- **Exercise instructions**:
Output the listing verbatim, leaving out every picture.

- **Data block**:

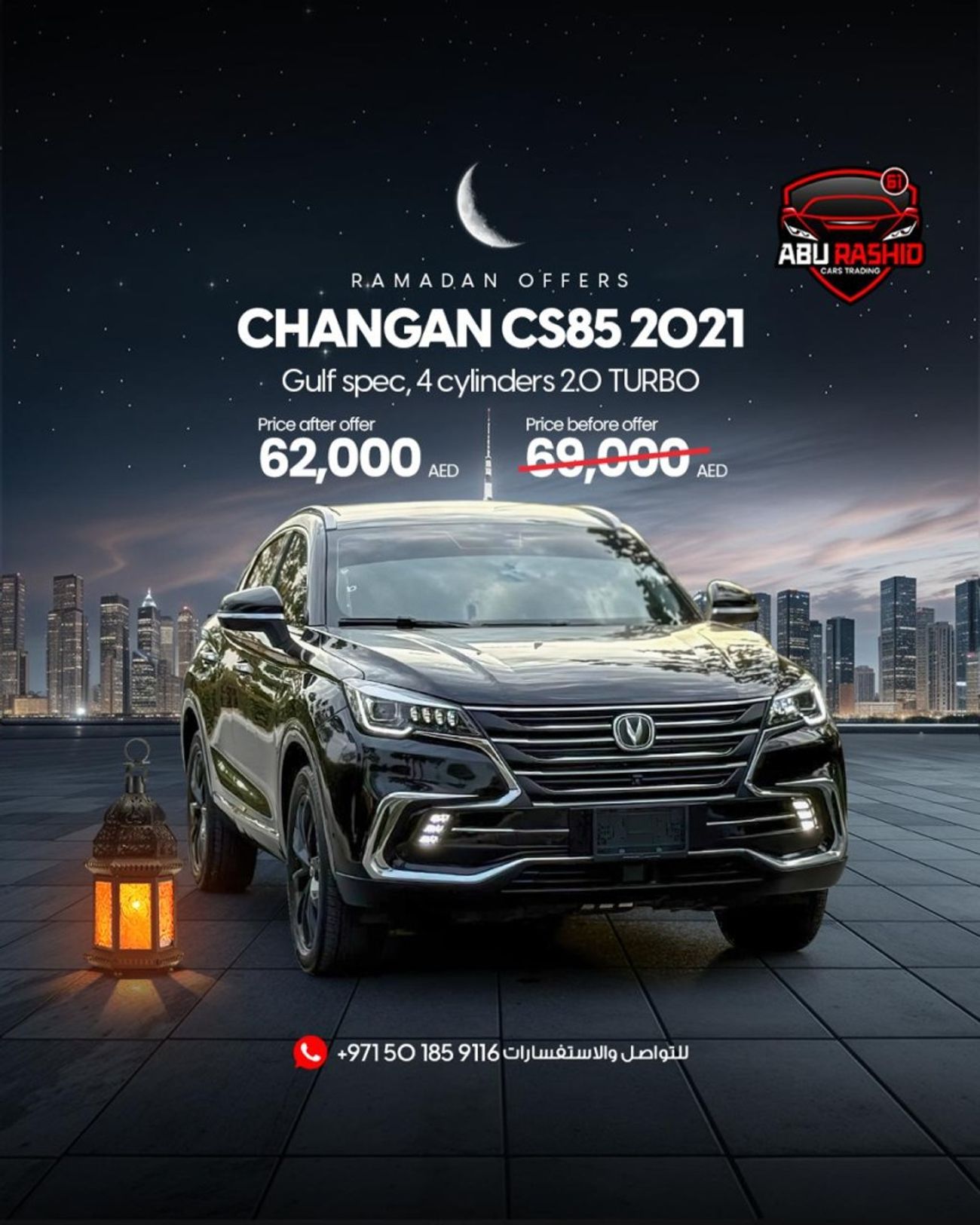 تشنجان CS85 ‏Car type: CHANGAN CS85 ‏Year : 2021 ‏price : 62000 dirhams ‏Mileage : 79000 Km 4cylinders 2.0 TURBO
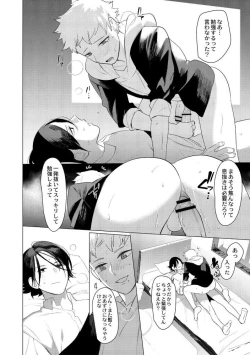 Page 176 of Yankee Shiri Ana Gun Horiri Rape | Yankee Anal Fuck Rape
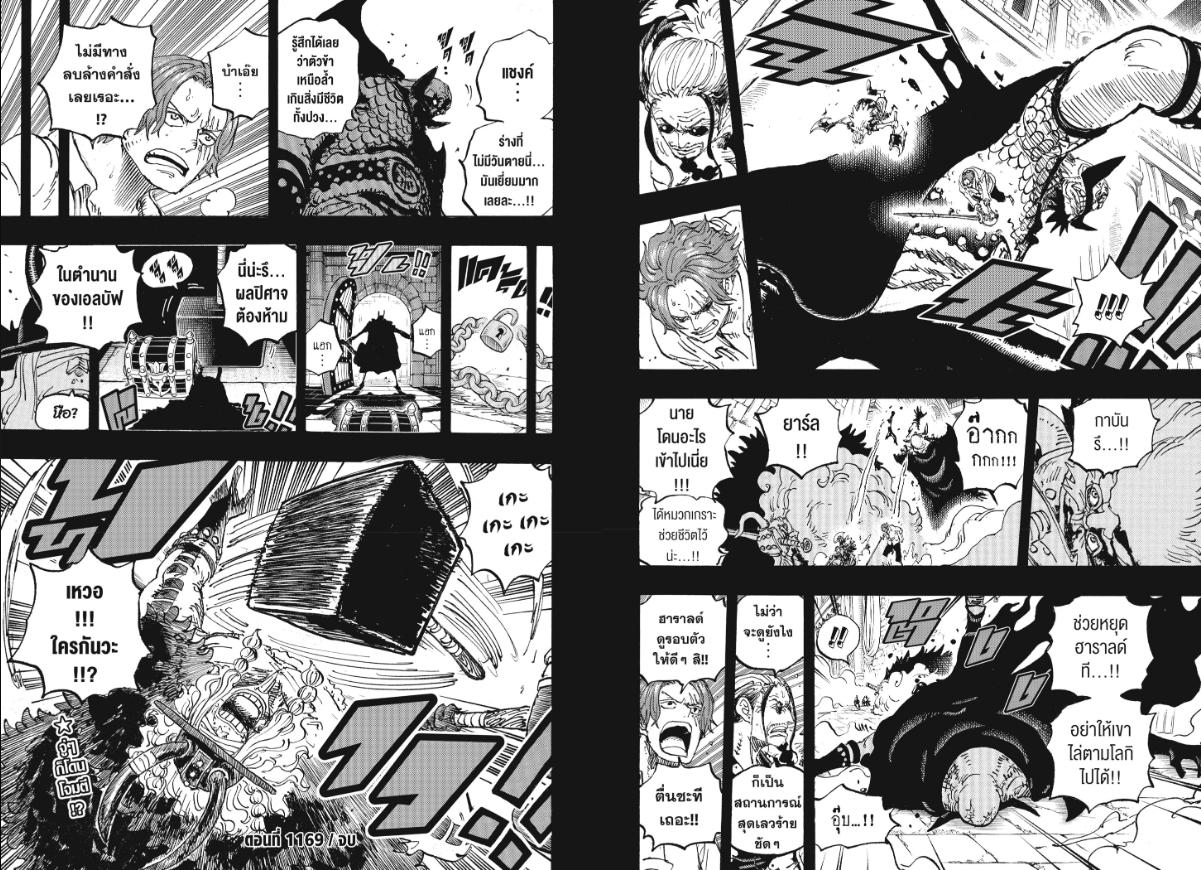 One Piece ตอนที่ 1169 หน้า 10 แปลไทย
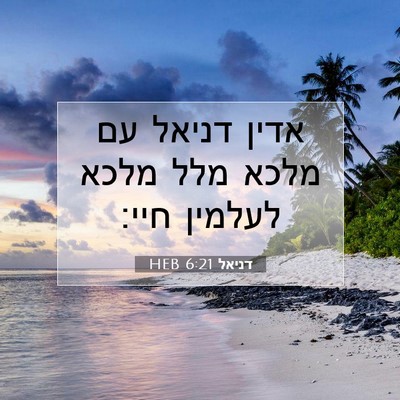 Picture 07 - דניאל 6:21 HEB - אדין דניאל עם מלכא מלל מלכא - Bible Verse Picture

- **Answer to the problem**:
 تشنجان CS85 ‏Car type: CHANGAN CS85 ‏Year : 2021 ‏price : 62000 dirhams ‏Mileage : 79000 Km 4cylinders 2.0 TURBO
 Page 176 of Yankee Shiri Ana Gun Horiri Rape | Yankee Anal Fuck Rape
 One Piece ตอนที่ 1169 หน้า 10 แปลไทย
 Picture 07 - דניאל 6:21 HEB - אדין דניאל עם מלכא מלל מלכא - Bible Verse Picture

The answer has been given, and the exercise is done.